**Your assignment:** From the line containing "Opala amarelo natural" to the last line of the data, both included, transcribe each line exactly, leaving out pictures and adding nothing.

**Given material:**

====

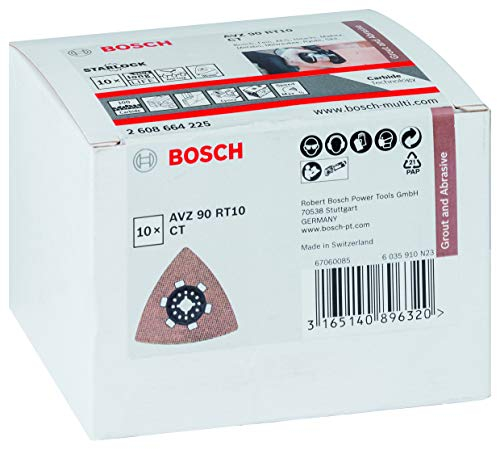 Bosch Professional 10 Stück Schleifplatte AVZ 90 RT10 Carbide RIFF (Starlock, Körnung 100, Ø 90 mm, Zubehör Multifunktionswerkzeug)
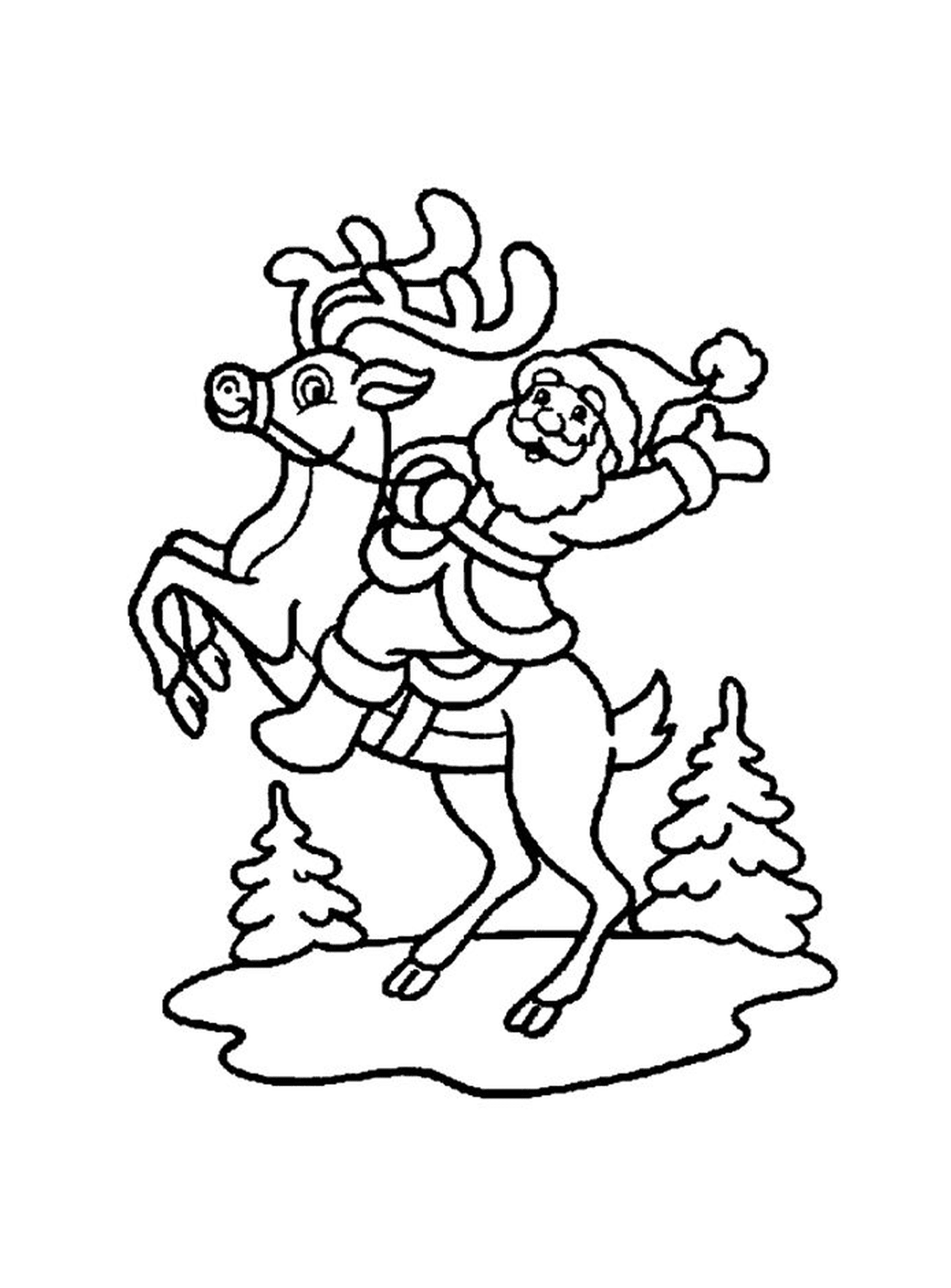  Santa's riding a reindeer 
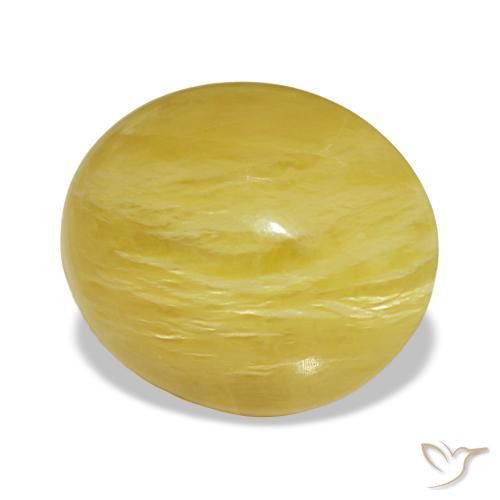Opala amarelo natural 6,36ct, corte oval, opaco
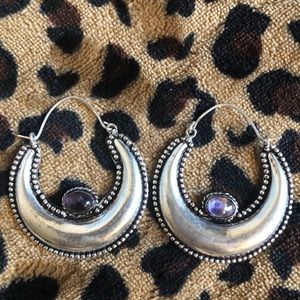 Silver amethyst crescent moon earrings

====

**Solution to the exercise:**
Opala amarelo natural 6,36ct, corte oval, opaco
 Silver amethyst crescent moon earrings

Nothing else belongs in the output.